# How to make GP Drums sound real without EZDrummer



## Guamskyy (Aug 22, 2010)

Well can you? I can't afford EZDrummer and the DFH expansion atm, so all I got are the drums on Guitar Pro. I have a demo of FL Studio 9, and I usually export the MIDI of the drum tracks in GP into FL Studio 9, but I need something to make them sound like real drums. Any help would be awesome!


----------



## JBroll (Aug 22, 2010)

Get Reaper (free evaluation version, fairly cheap registration) and another drum plugin - there are more than a few, and I can't recommend one because it's too much of a matter of taste.

Jeff


----------



## Guamskyy (Aug 22, 2010)

JBroll said:


> Get Reaper (free evaluation version, fairly cheap registration) and another drum plugin - there are more than a few, and I can't recommend one because it's too much of a matter of taste.
> 
> Jeff



I actually have reaper, and can you at least tell me names of some? It'll lead me in the right direction


----------



## JBroll (Aug 22, 2010)

I don't know what's new and fun, but 

Drums : Free VSTi's : FreeMusicSoftware.org

should have a few good leads.

(I'd first try the SoftDrum LTD at Fretted Synth Audio, freeware VST effect and instrument plug-ins at rekkerd.org with whatever good drum samples you've pulled together so far.)

Keff


----------



## ephrion (Aug 22, 2010)

Don't forget to program in the dynamics.


----------



## Guamskyy (Aug 23, 2010)

ephrion said:


> Don't forget to program in the dynamics.

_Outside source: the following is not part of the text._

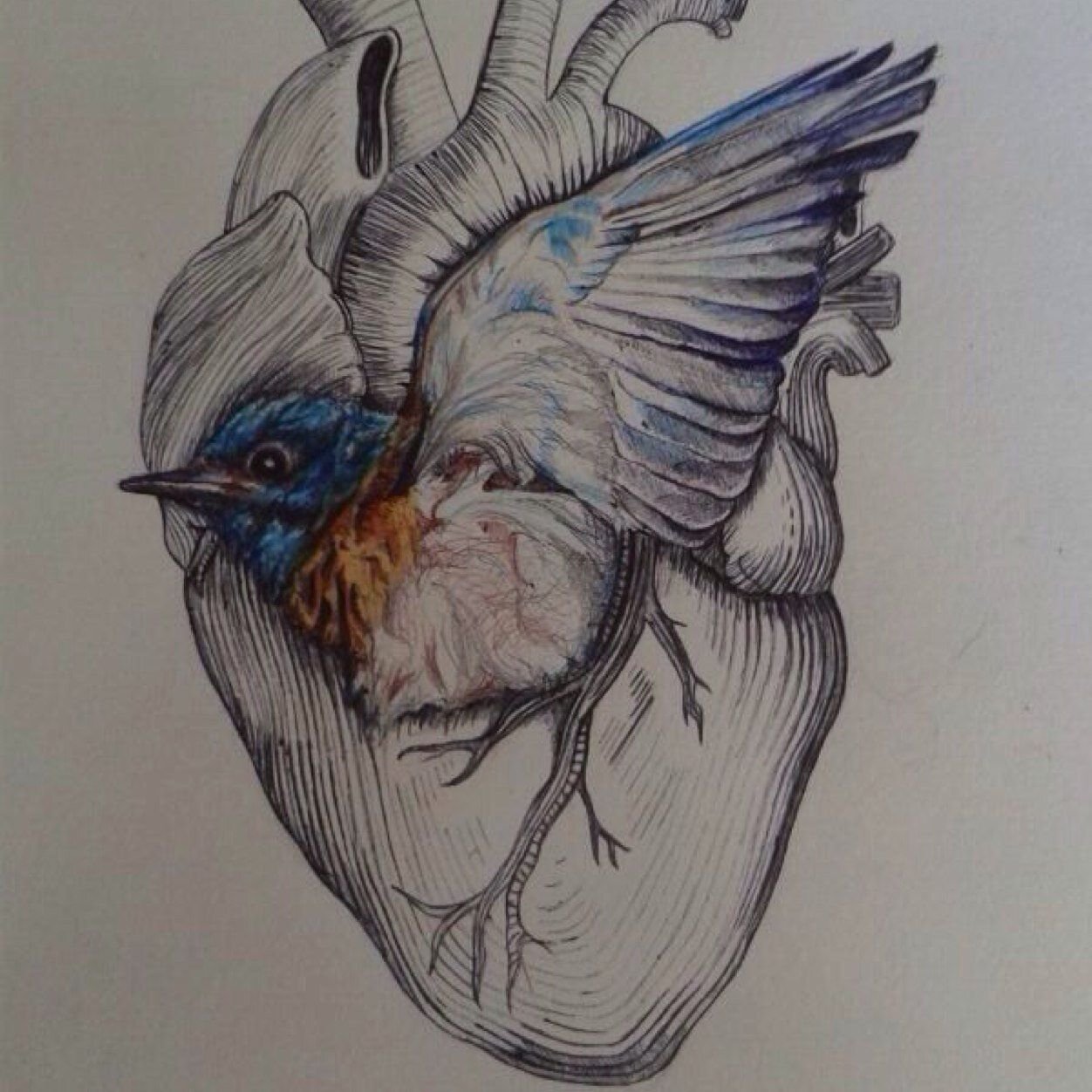 Твое сердце птица. Синяя птица Буковски тату. Сердце птиц. Тату птица с сердцем. Сердце и птица арт.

?And how would you do that?


----------



## Winspear (Aug 23, 2010)

guambomb832 said:


> ?And how would you do that?


MIDI velocity. Can probably be set accurately within Reaper, but if not, the dynamics in GP (fff,ff,mp etc).


----------



## HamBungler (Aug 23, 2010)

Get Hydrogen, they have some pretty decent digital drums and its completely free.


----------



## randomshredder (Aug 31, 2010)

Tons of samples all over the internet, get ktdrumtrigger and trigger high quality samples using your MIDI drum file.


----------